Collected data:
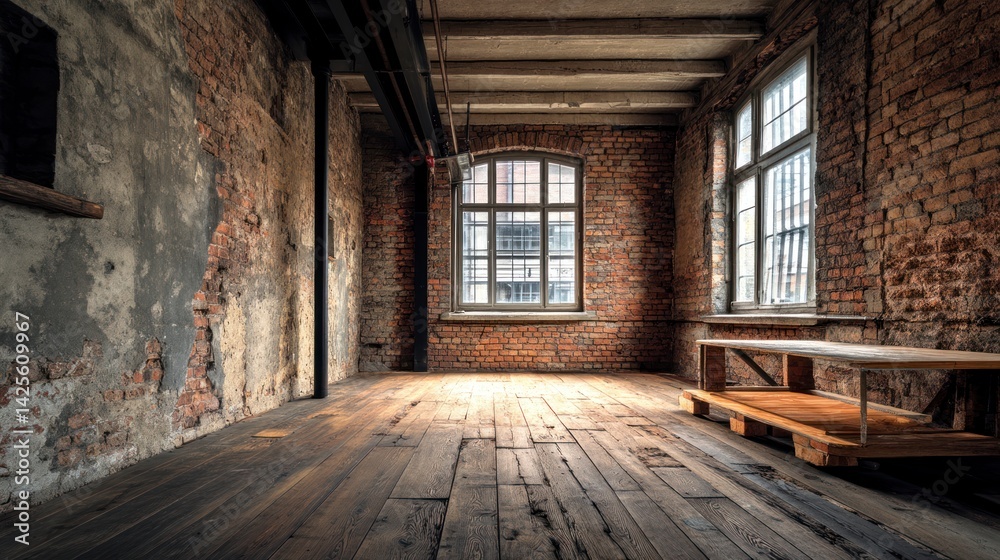 Empty Room in Old Building with Wooden Floor and Brick Walls Empty Room in Old Building with Wooden Floor and Brick Walls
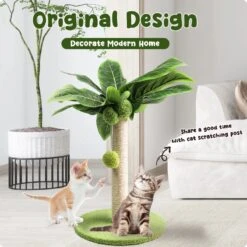 Katten Krabpaal – Krabboom Met Speelballetjes – Groen – 32 Cm Hoogte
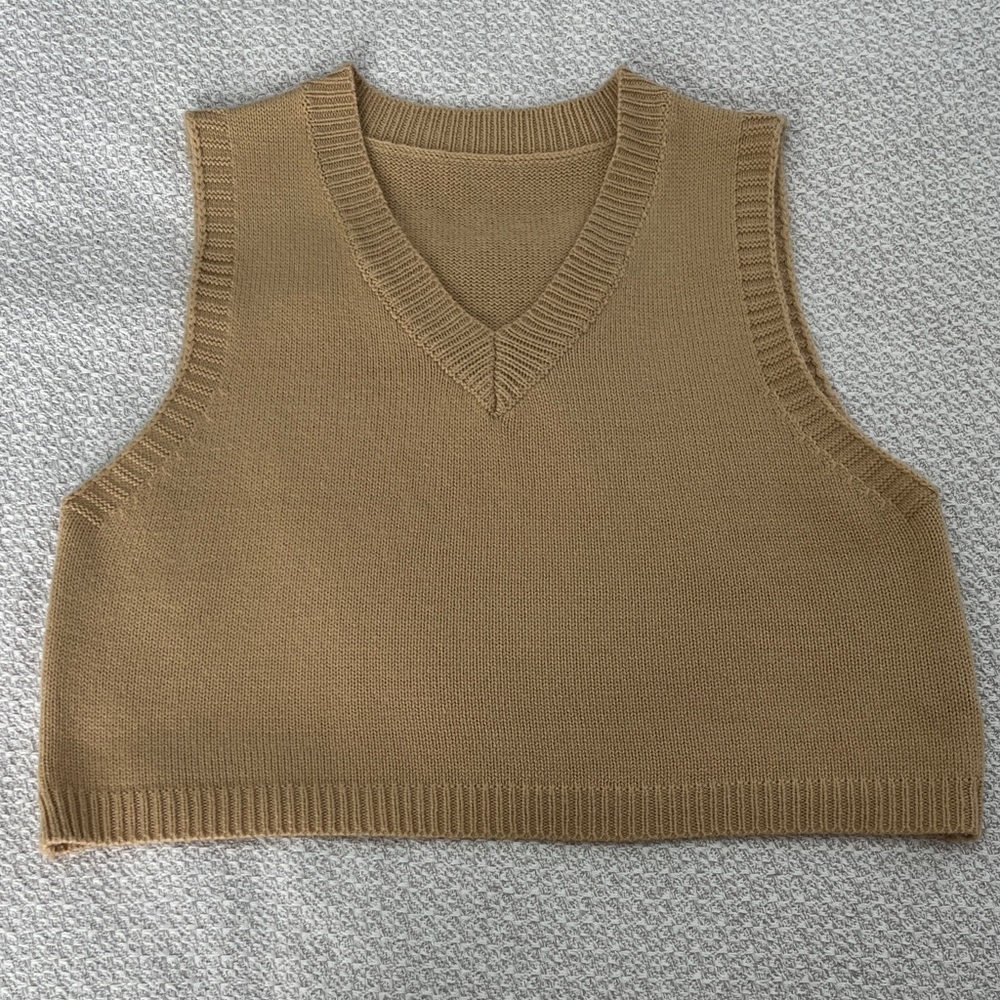SHEIN Tan V-Neck Sweater Vest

Work task: The required output is an exact copy of the lines from the one with "Katten Krabpaal –" through the final line of the data above, with pictures removed.

Solution for this task:
 Katten Krabpaal – Krabboom Met Speelballetjes – Groen – 32 Cm Hoogte
SHEIN Tan V-Neck Sweater Vest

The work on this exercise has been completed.